Harvie urges Equalities Committee to back an end to the ban on prisoners voting
Patrick Harvie MSP, Co-convener of the Scottish Greens, today (7 Sep) urged Holyrood's Equalities Committee to back an end to the ban on prisoners voting, as the current blanket prohibition breaches human rights law and fails to support rehabilitation.
In 2013, Mr Harvie attempted to amend the franchise for the independence referendum, offering options including extending the vote to prisoners serving sentences of less than six months and to offenders who had less than six months of their sentence left to serve at the time of the vote. MSPs from the SNP, Labour, Conservatives and the Liberal Democrats voted against his amendments.
Since then, the Scottish Parliament has gained full control over elections to Holyrood, and the legal requirement for a change is more absolute for these elections than for referendums.
Patrick Harvie MSP said:
"Having temporary control over the franchise for the 2014 referendum forced Holyrood to consider an issue which had previously only been debated at Westminster. Now that we have full responsibility for elections in Scotland, we are faced with an absolute requirement to revisit the issue.
"The UK Tory Government may want to scrap the Human Rights Act, but the SNP have supported it, as do the Greens. It is therefore a point of principle that Holyrood must change the law to comply with human rights. The blanket ban must therefore be ended. Stopping all prisoners voting, regardless of the nature of their offence or the length of their sentence, clearly breaches human rights, and the current position cannot hold.
“Prisoners, especially those due for release, should be faced with their responsibilities as members of the society to which they will return.

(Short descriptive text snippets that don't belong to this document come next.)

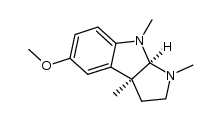 (3aRS,8aSR)-5-methoxy-1,3a,8-trimethyl-3,3a,8,8a-tetrahydropyrrolo[2,3-b]indole结构式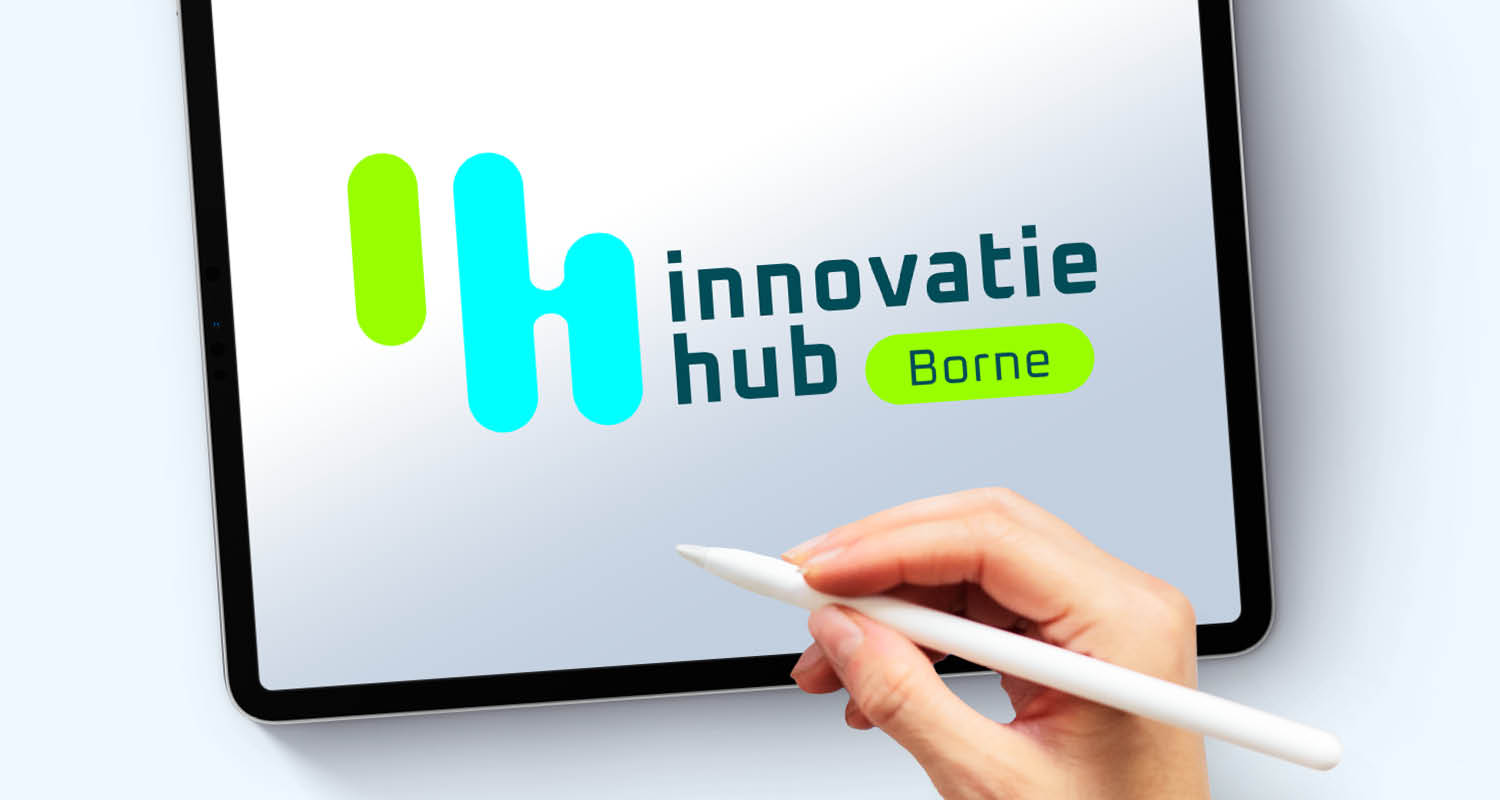 Logo ontwerp, merk identiteit en brand identity voor Innovatiehub Borne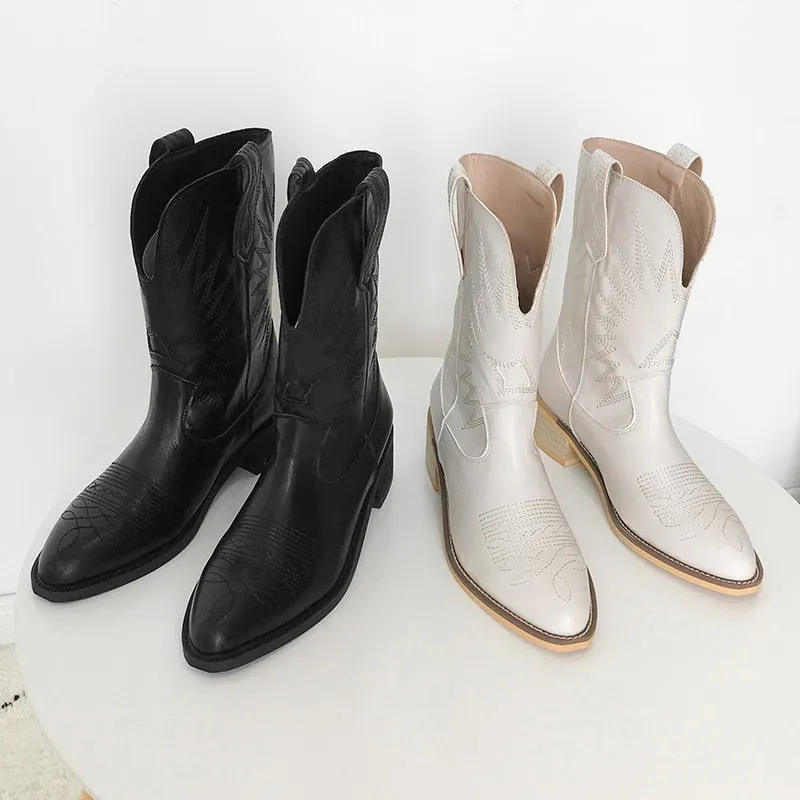 Point Toe Ladies Punk Modern Boots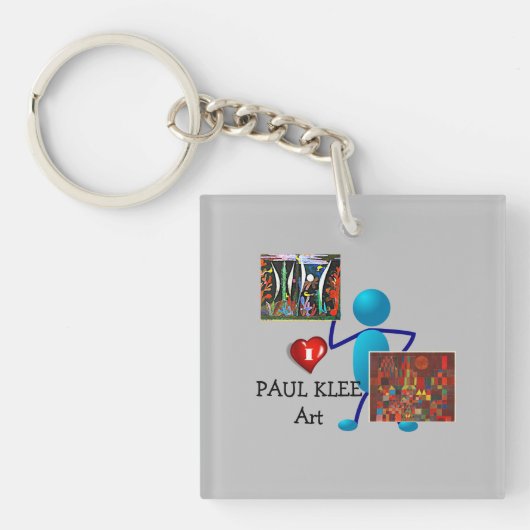 Klee - Paul Klee Art Sleutelhanger (voorkant)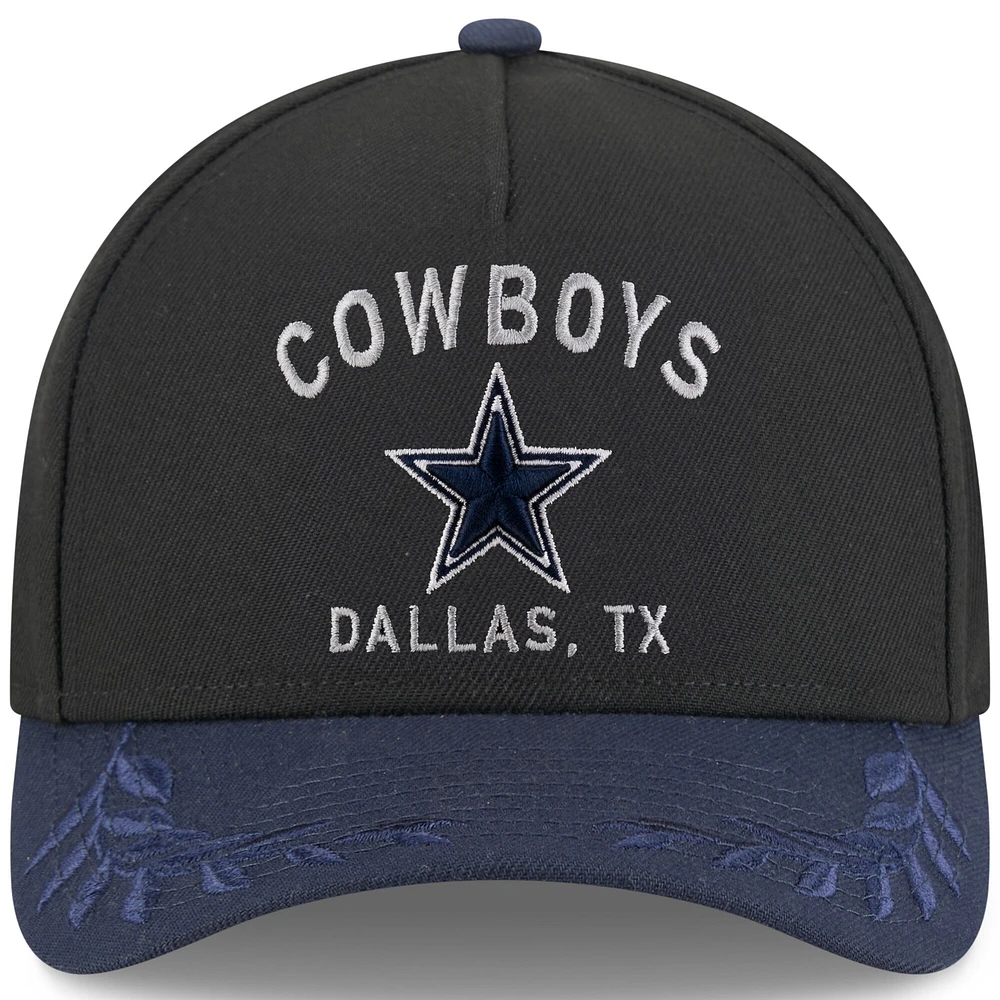 Casquette New Era 39THIRTY Flex noire/bleu marine pour homme, Dallas Cowboys, draft NFL 2025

While voting is only one aspect of that, it is an important and symbolic one. Giving prisoners the right to vote would also give politicians an incentive to take the state of our prisons seriously, and invest in the rehabilitation services which will make all our communities safer.
"If we want Scotland to become a beacon for fairness, and if we believe in rehabilitating offenders, we must look at all the options, have the debate, and end the ban."